A verbatim reproduction of the following listing is required; omit the pictures.

** Input material follows **

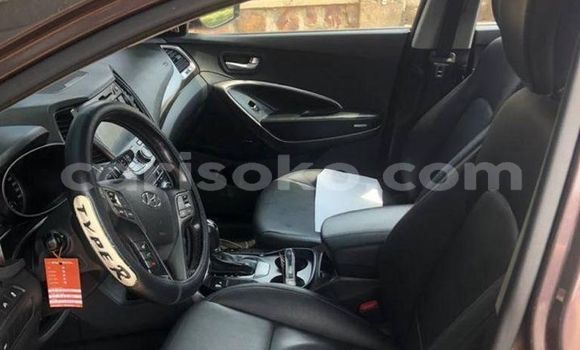 Sayi Na hannu Hyundai Santa Fe Gris Mota in Kigali a Rwanda Sayi Na hannu Hyundai Santa Fe Gris Mota in Kigali a Rwanda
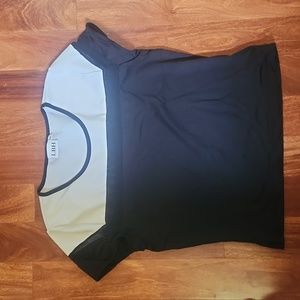 Women's  black and white T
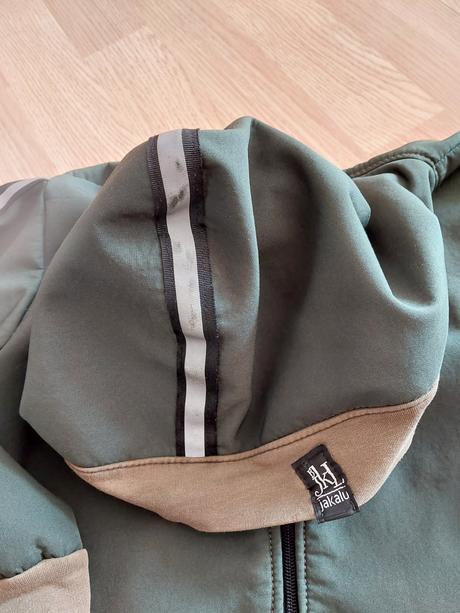 Softshellova bunda, 128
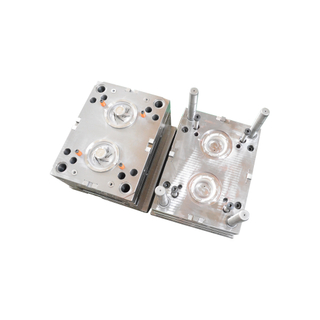 Automated Pin Point Gate S136 HRC48-52 Mold Steel PA6 +GF30 Material Fan Base Mould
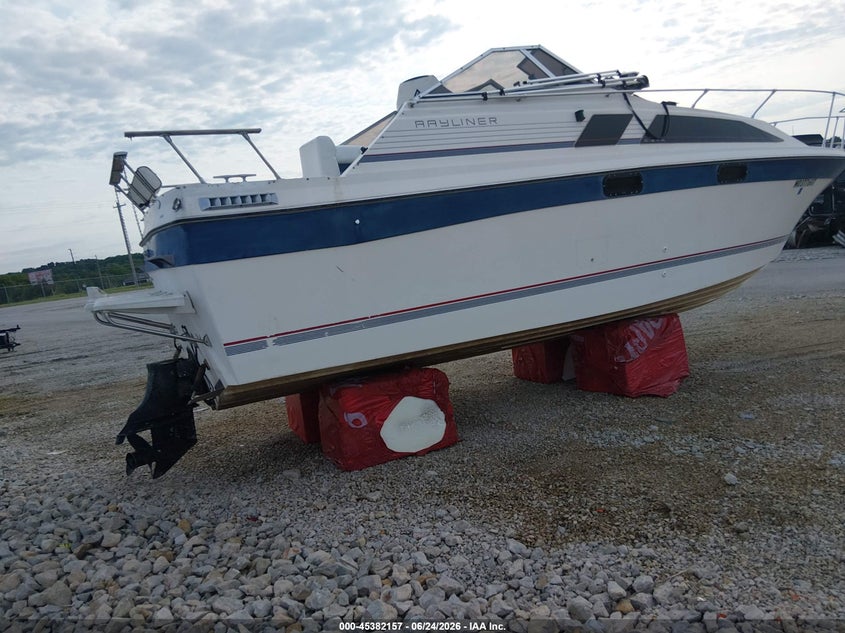 1985 BAYLINER 27' auction photo 4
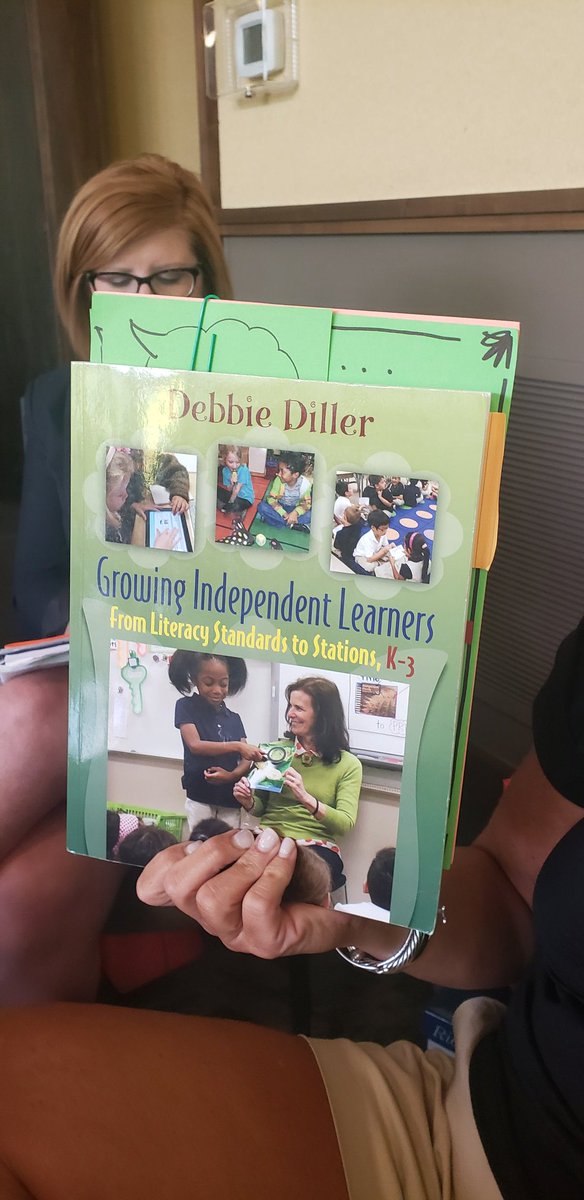 queenhollyf's tweet image. Have you learned from this instructional  genius? @TerryDikes #droppingknowledge @JCAPAgroup #knowsherstuff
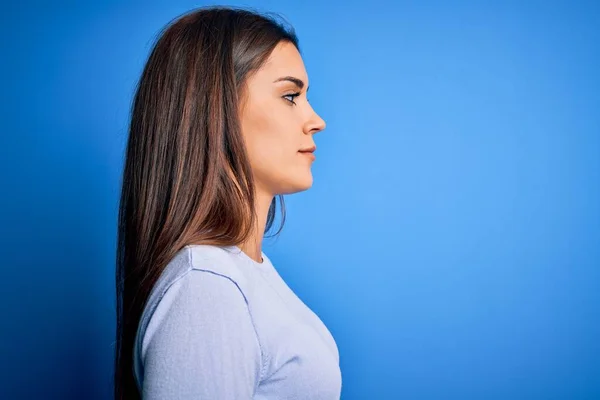 Junge Schöne Brünette Frau Trägt Lässigen Pullover Der Über Blauem — Stockfoto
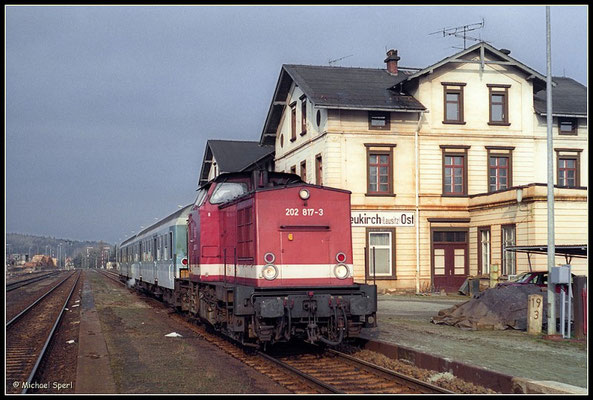 : 202 817 mit RegionalBahn beim Zwischenhalt im Bf.Neukirch-Ost, 30. März 2001. Foto: Archiv Michael Sperl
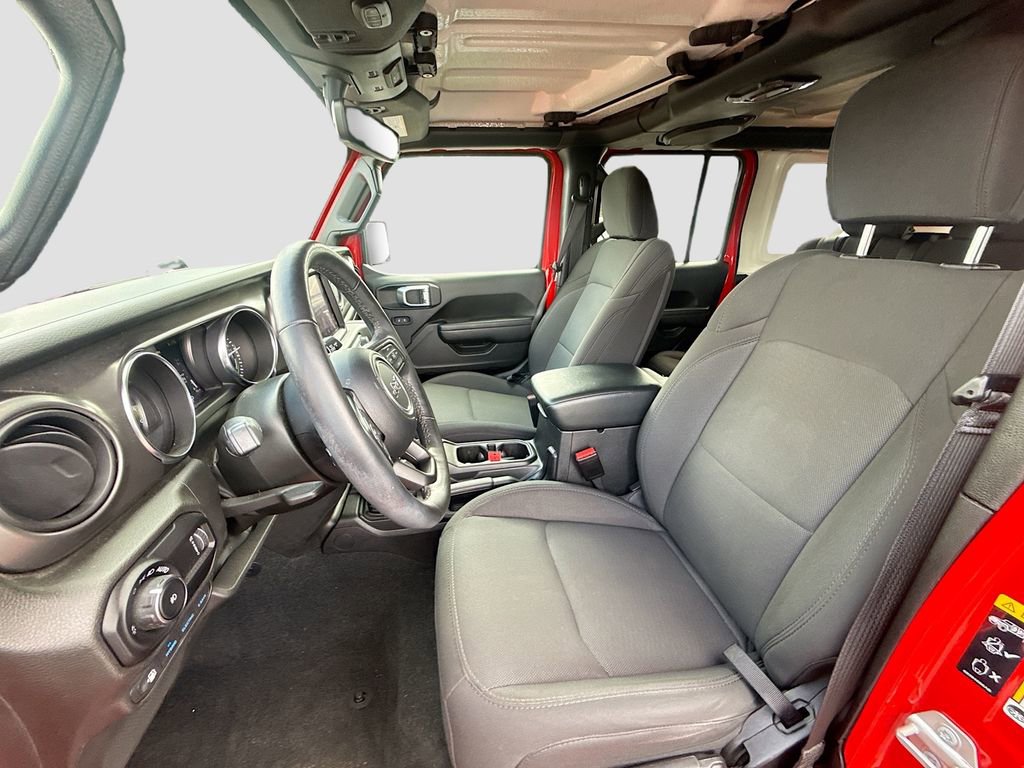 Used 2023 Jeep Wrangler Unlimited w/ Cold Weather Group AWD/4WD image 23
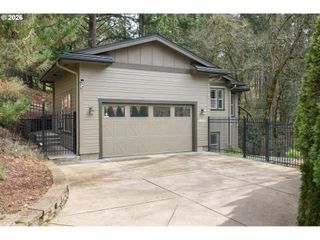 1862 E 43RD Ave, Eugene, OR 97405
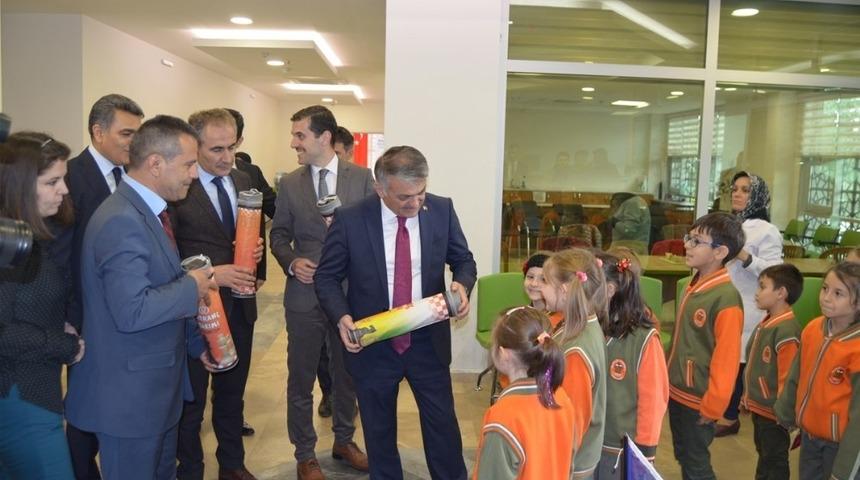 Vali Yazıcı&rsquo;dan &ouml;ğrencilere satran&ccedil; takımı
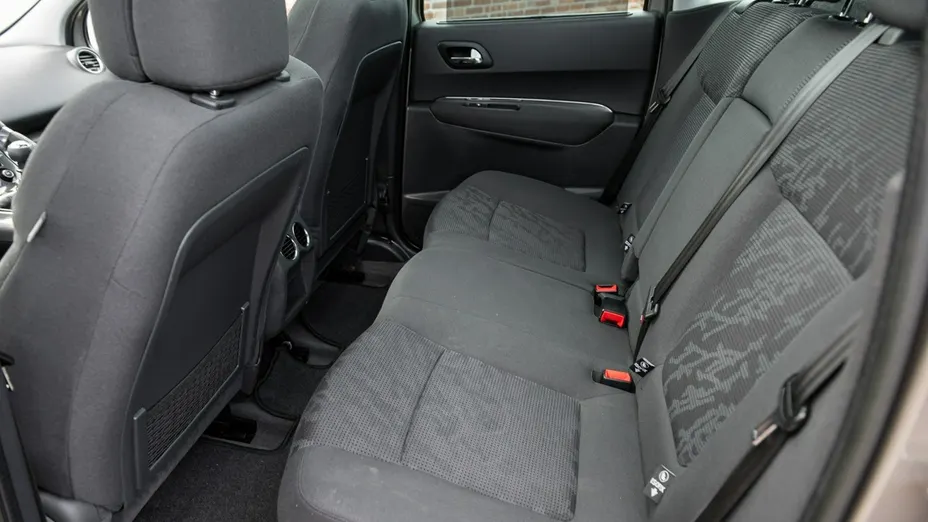 PEUGEOT 3008 -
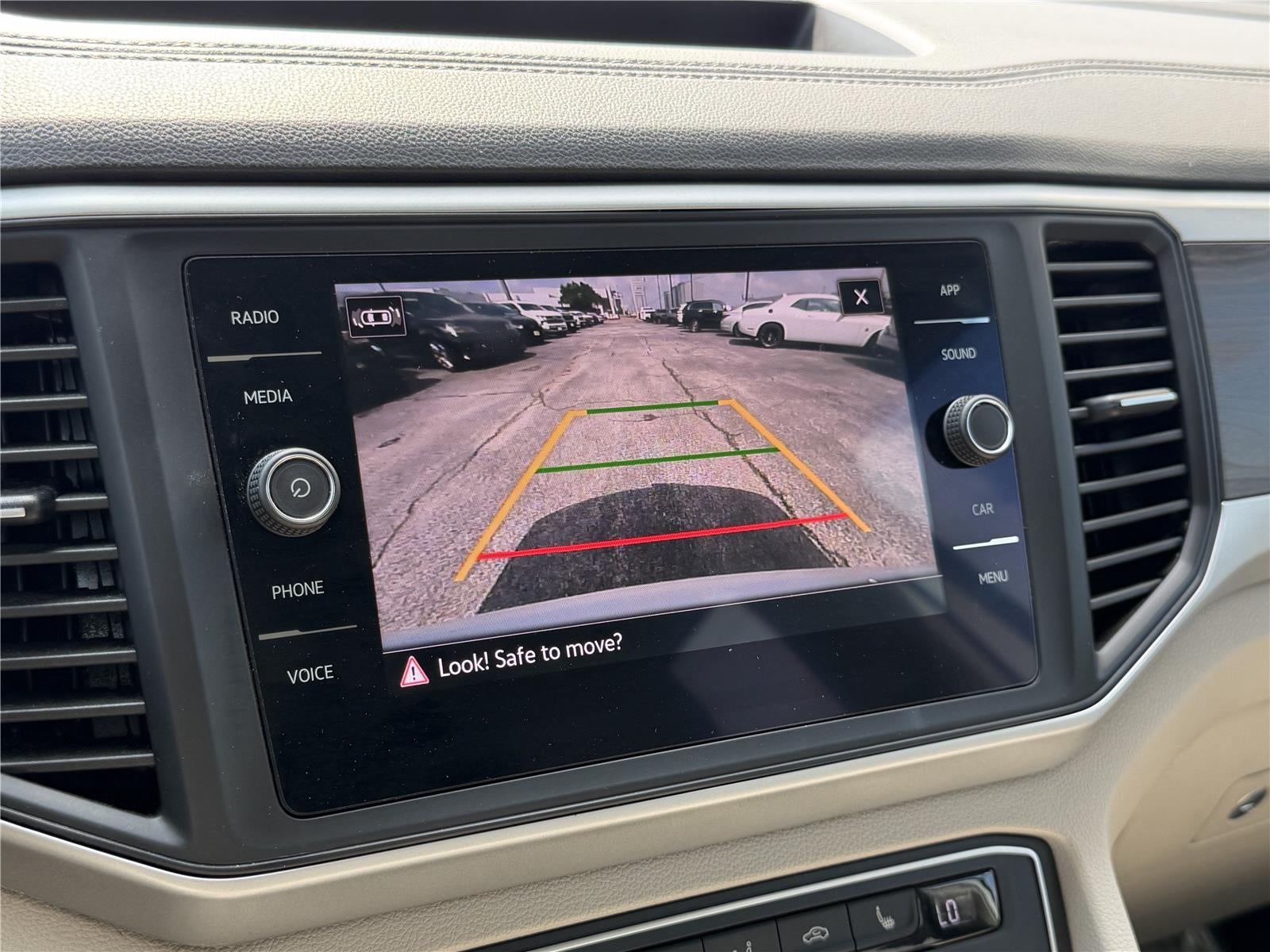 2021 Volkswagen Atlas 3.6L V6 SE w/Technology
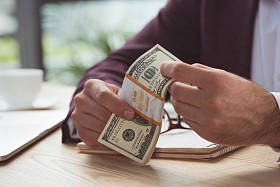 商人持有美元纸币图片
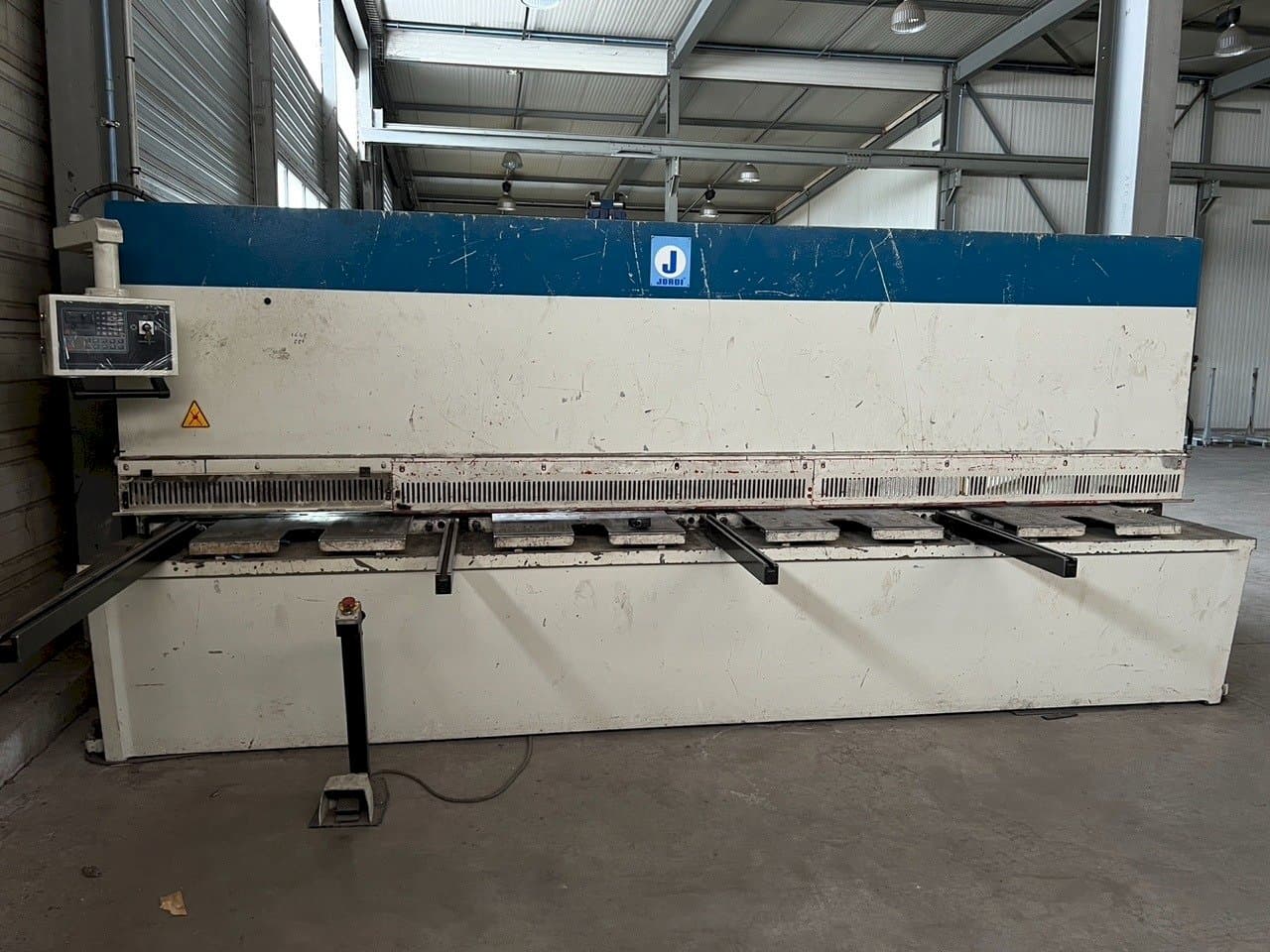 Vista Frontal da JORDI CH 413 máquina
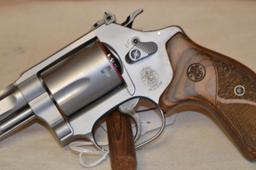 Smith & Wesson M60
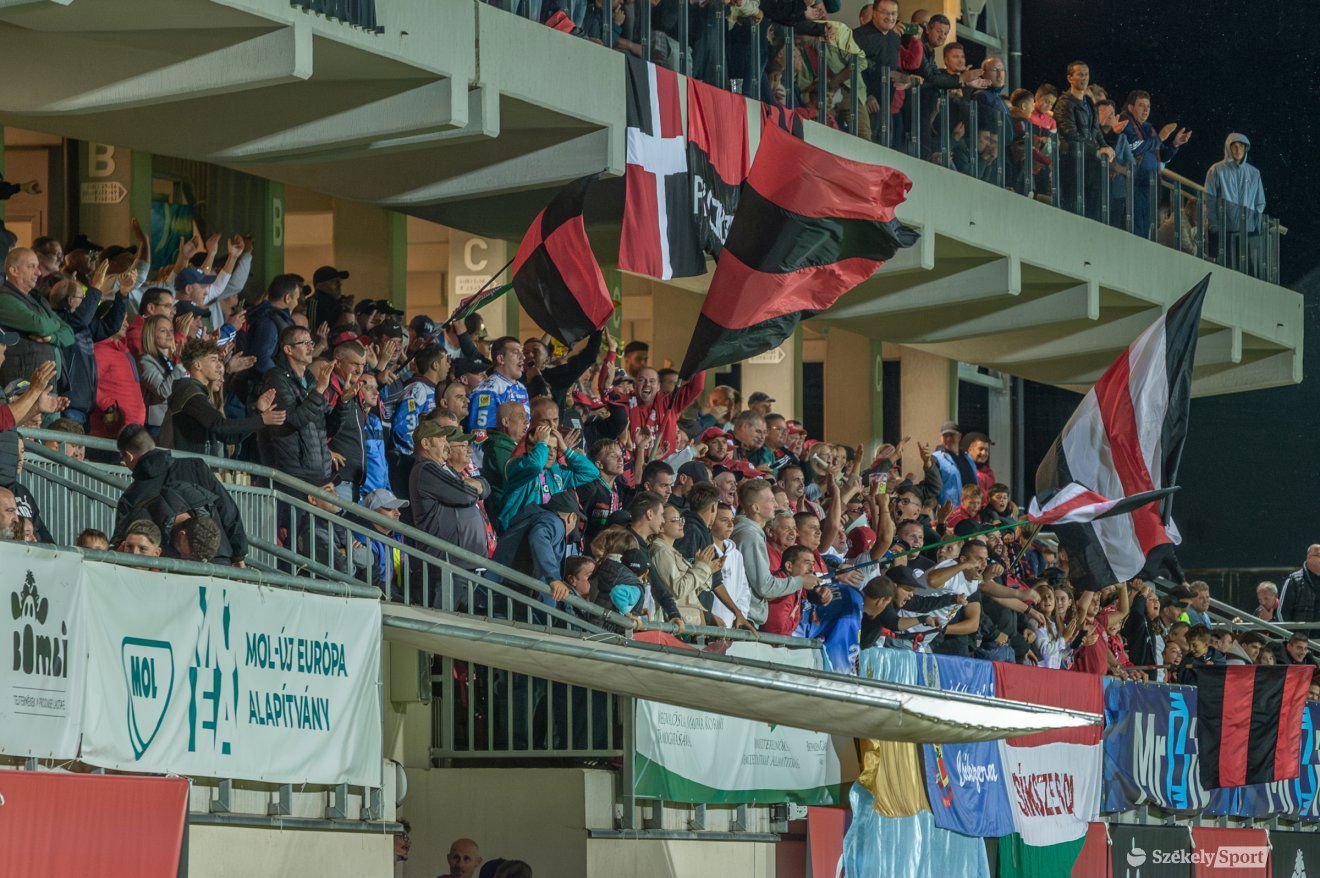 •  Fotó: Pinti Attila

** End of Input material **

Answer below:
 Sayi Na hannu Hyundai Santa Fe Gris Mota in Kigali a Rwanda Sayi Na hannu Hyundai Santa Fe Gris Mota in Kigali a Rwanda
 Women's  black and white T
 Softshellova bunda, 128
 Automated Pin Point Gate S136 HRC48-52 Mold Steel PA6 +GF30 Material Fan Base Mould
 1985 BAYLINER 27' auction photo 4
 queenhollyf's tweet image. Have you learned from this instructional  genius? @TerryDikes #droppingknowledge @JCAPAgroup #knowsherstuff
 Junge Schöne Brünette Frau Trägt Lässigen Pullover Der Über Blauem — Stockfoto
 : 202 817 mit RegionalBahn beim Zwischenhalt im Bf.Neukirch-Ost, 30. März 2001. Foto: Archiv Michael Sperl
 Used 2023 Jeep Wrangler Unlimited w/ Cold Weather Group AWD/4WD image 23
 1862 E 43RD Ave, Eugene, OR 97405
 Vali Yazıcı&rsquo;dan &ouml;ğrencilere satran&ccedil; takımı
 PEUGEOT 3008 -
 2021 Volkswagen Atlas 3.6L V6 SE w/Technology
 商人持有美元纸币图片
 Vista Frontal da JORDI CH 413 máquina
 Smith & Wesson M60
 •  Fotó: Pinti Attila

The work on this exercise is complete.